It is well-known that Saudi Arabia plays a major role in the oil markets. As a key member of the Organization of the Petroleum Exporting Countries (OPEC), the national petroleum and natural gas company Saudi Aramco produces and manages billions of barrels of Saudi oil, including approximately 260 billion barrels in reserves.
However, little is known about the emerging Saudi Arabia stock market, known as the Tadawul.
What Is the Tadawul?
The Tadawul is the only stock exchange in the country and the main stock exchange among the Gulf Cooperation Council (GCC) countries. According to the Saudi Gazette, The market was mostly informal through the 1970s with only 14 companies listed. But in 1984, the government tasked a ministerial committee to develop and regulate the market.
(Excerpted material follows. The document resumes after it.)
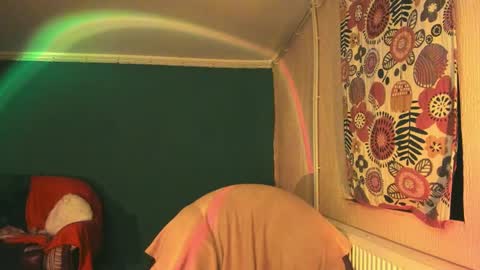 Snapshot of clancyosbourne chatting on 02.11.25 Clancy online show from 02.11.25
In 2004, the government created the Capital Market Authority (CMA), the sole regulator of the market, and in 2007, the Saudi Stock Exchange (Tadawul) Company was formed.
The Tadawul offers equities, Islamic bonds (known as sukuk), exchange-traded funds (ETFs), and mutual funds. Currently, the Tadawul has nearly 200 companies listed for trading. The Tadawul All Share Index (TASI) is the major stock market index which tracks the performance of all companies listed on the Saudi Stock Exchange.
At the end of 2017, Nasdaq and Tadawul signed an agreement to transform Tadawul’s post-trade technology infrastructure. Now completed, it allows the Saudi bourse to introduce new asset classes, such as derivatives, to the market.
How the Tadawul and US Markets Are Correlated
The Tadawul is positively correlated to U.S. stock markets due to a currency peg. In turn, the Tadawul is thought to be highly positively correlated to neighboring stock exchanges, such as the Abu Dhabi stock exchange, the Dubai Stock Exchange, and the Bahrain Stock Exchange. Usually, price movements in the Tadawul trigger similar movements in these stock exchanges.